Open songtianhui opened 1 year ago
ControlNet-tile is a ControlNet just like any other that takes an input image (and also text) to control image generation. With ControlNet-tile, the control or hint image is the input image itself (or patches of it).
You can use it to do ControlNet text-to-image generation with it. However, with this method, the generated image may look "different" or change in content. This makes it not suitable for super-resolution use case. However, like the base SD, you can use ControlNet in image-to-image mode. This in a way contrains the generated images to look more like the original image, or at least have the same colors in the same spatial locations. Note, the only difference between text-to-image and image-to-image mode is in the starting point. With text-to-image, the starting point is random noise. With text-to-image, the starting point is a noisy version of the input image.
Usually a model can only handle a certain resolution without hitting resource limits. With tiling, it just splits the prediction process to process tiles of an image instead of an image in a single go.
So the good practice for super-resolution is to use the same image in image-to-image tab and controlnet hint image. I think the controlnet-tile is a bit like sd img2img, both are in order to maintain the original image's structure and color.
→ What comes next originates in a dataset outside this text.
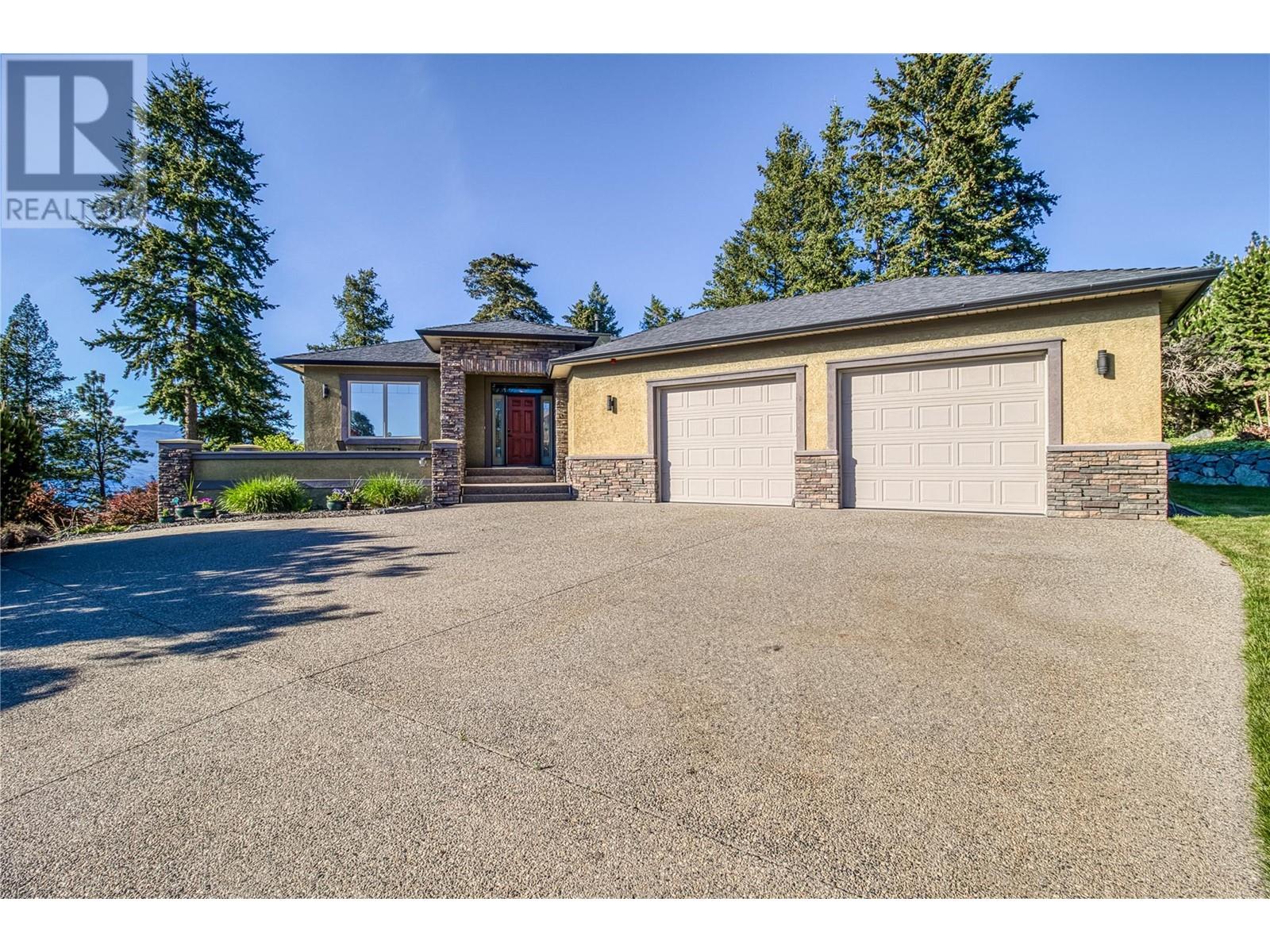 70 10726 Nighthawk Road, Lake Country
But controlnet-tile will add more generated details, and it change the pipeline with splitting the prediction process to support zooming resolution. Is this idea correct?
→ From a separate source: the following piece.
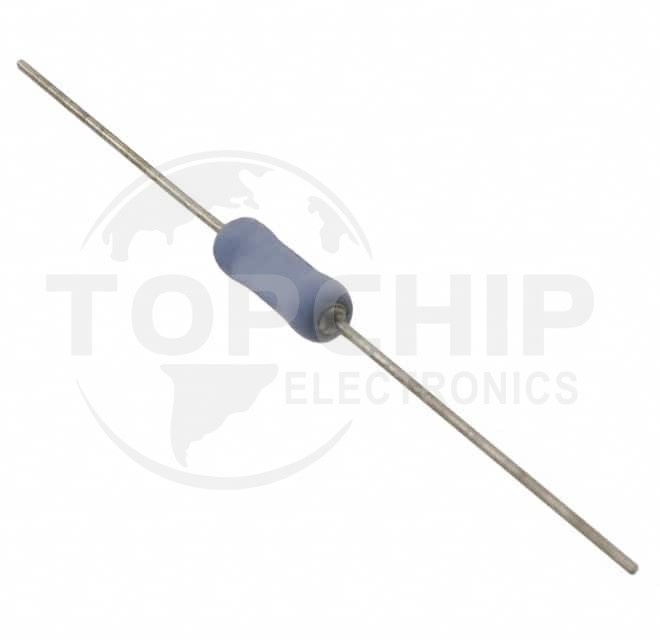 ERG-2SJ242A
I did not find the tile code ,could you show me?
Hi, I am confused about the tile function. First, I want to know what does it do? The readme says it can replace the details in image, so does it designed for task like resolution? Or is it just like an img2img function to keep the original low-freq structure and add details? Can it be used in img2img, and is it needed to keep the main image and the control image the same one? If the two images are different how to explain the results? Second, I want to know how this technical implemented. I will read the code afterwards, but what's the core idea? Does it have relationship with another extension Tiled Diffusion & VAE. Say, it just patchify the image firstly and diffusion process each, then fuse them? Thank you!